Have you ever had a gift where it presented itself as a wall? For example, writer’s block.  You love to write.  You’ve decided to write for a living and now, you are hit with the wall.  The wall is large and thick, no holds to stick your hands or feet in.  It is smooth and gray and solid.  Let me tell you a story about a lady that broke through this wall and how she did it.

 

One day, it was a sunny, fall day.  The air was warm and the mood was light.  It smelled of bread, cinnamon, and pines. Oh, what a wonderful fall day it was.  Jena stepped outside her house breathing in the intoxicating day but right in front of her was a wall placed where the street had been the night before.  She could not see past it.  It was too tall and too thick.  It blocked her view from anything forward. Staying there her memories began to fade of what was behind the wall.  She had faint glimpses of a road.  Ideas of beyond the wall exploded into fragments as she stared at the wall.

 

She looked at the wall and pondered what she could do.  Could she climb the wall? No, there were no places for her feet or hands.  Could she see about chisel a hole through it?  She went into the garage and brought out a sledgehammer and a ladder.  It took several trips but a purpose was at hand.  She would break down the wall or climb over the wall.  She climbed the ladder but it did not reach even halfway up the wall.  It seemed the taller she tried to make the ladder the taller the wall got.  Soon, she set the ladder aside and began to hammer at the wall.  Long, angry strikes hit the wall.  But nothing happened.

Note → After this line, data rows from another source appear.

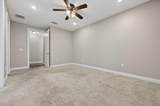106 Arrowhead Way - Photo 17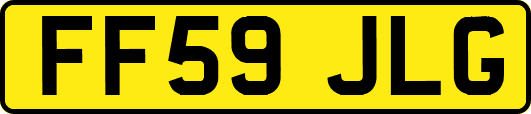 FF59JLG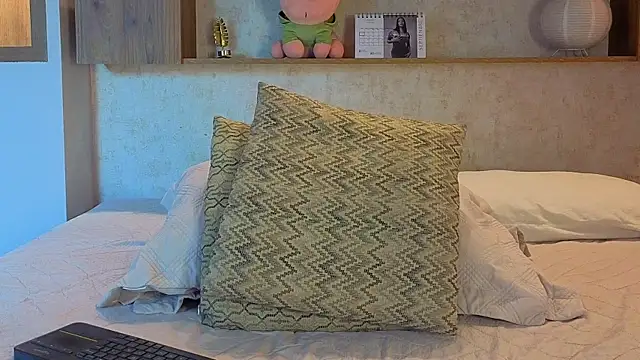 Emilly_Beaumont webcam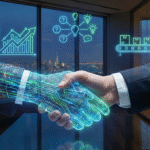 As 10 melhores ferramentas de Inteligência Artificial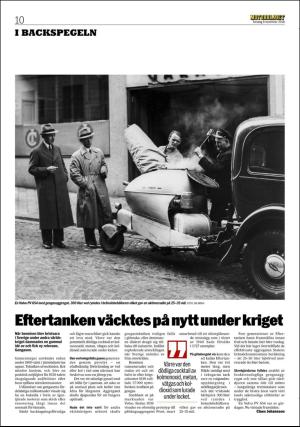 aftonbladet_bilaga-20181108_000_00_00_010.pdf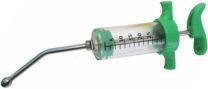 30 ml Plexi Glass Mini Drench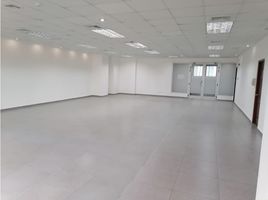 180 SqM Office for rent in Panama, Pueblo Nuevo, Panama City, Panama, Panama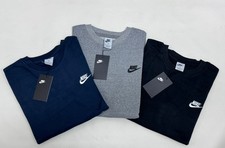 Nike Classic Small Embroidered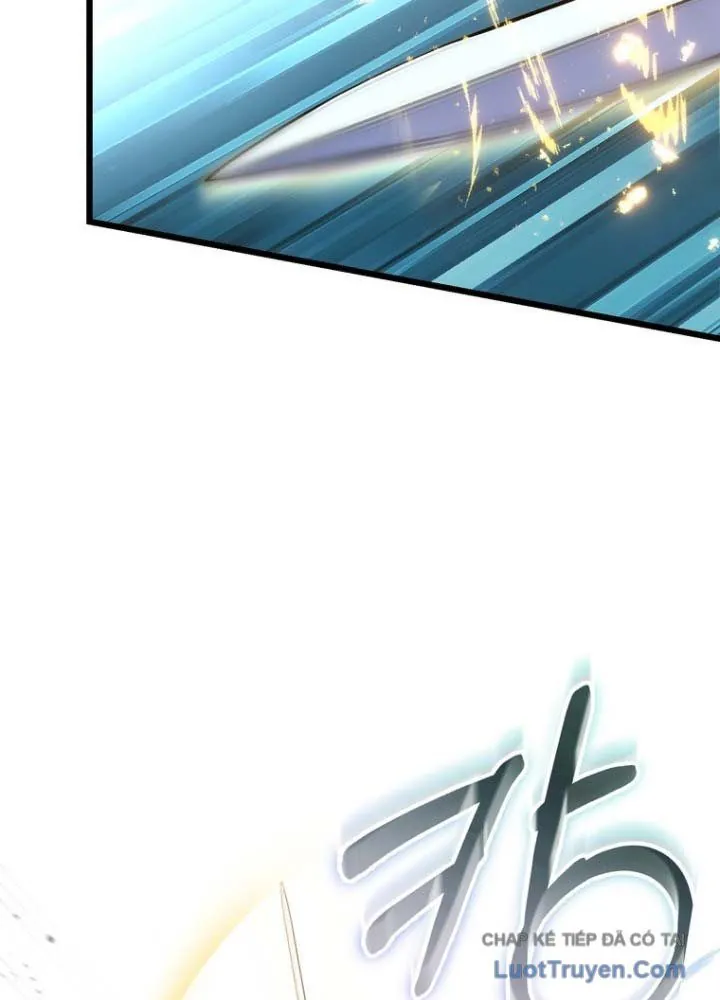 Nhân Vật Phụ Trở Thành Thiên Tài Chap 25 - Next Chap 26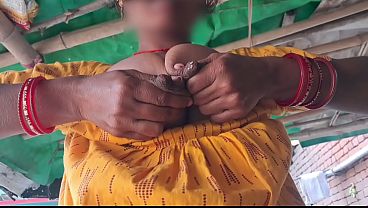 Istri Thakur India Dikhianati, Thakur Merasa Tidak Cukup Perkasa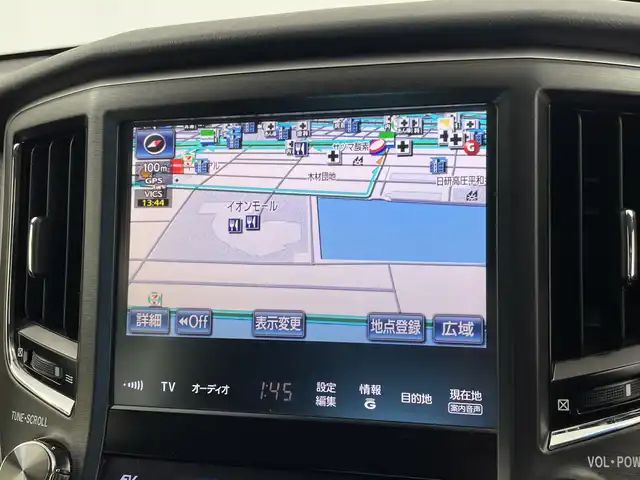 トヨタ クラウン ハイブリッド アスリートS 鹿児島県 2014(平26)年 15.9万km ホワイトパールクリスタルシャイン 純正ナビ/フルセグ/Bluetooth/バックカメラ/クルーズコントロール/ドラレコ/ステアリングリモコン/ビルトインETC/ハンズフリー/オートライト/DNパワーシート/電動格納ミラー/コーナーセンサー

The wall remained smooth and steady.

 

Sitting on her front step and staring at the obtrusive wall, it loomed before her.  The clouds touch the top of the wall.  The Great Wall of China taunted her thoughts. The Berlin Wall shouted no passing – you must stay here – escape is futile. Not only did it extend to the heavens but it extended to the right and left.  Nothing else filled her mind, staring at the wall was all she could do.  It left her frozen. She could go in the house but then she would be trapped.  She could hear the symphony of the city, the smells of the local bakery, and the drums of construction. There was the construction to her left several streets down the hill. Over to her right was the bakery her family loved to visit.  No more. The wall blocked access.  Watching the wall was like watching a tree grow no movement was visible.

 

The sun peaked behind the clouds. Shining on her face, she closed her eyes and absorbed the warmth and hope it exuded. With a deep sigh, she remembered her hopes for the day. She was going to paint at the local park.  Well, at least she was going to try.  This was to be a new adventure in her life.  She wanted to become an artist.  She was not asking to be famous or great.  She wanted to do something her family and friends would love to see and want.  She longed for the knowledge that comes from hours of practice.  Hours and hours.  She questioned whether she would be good.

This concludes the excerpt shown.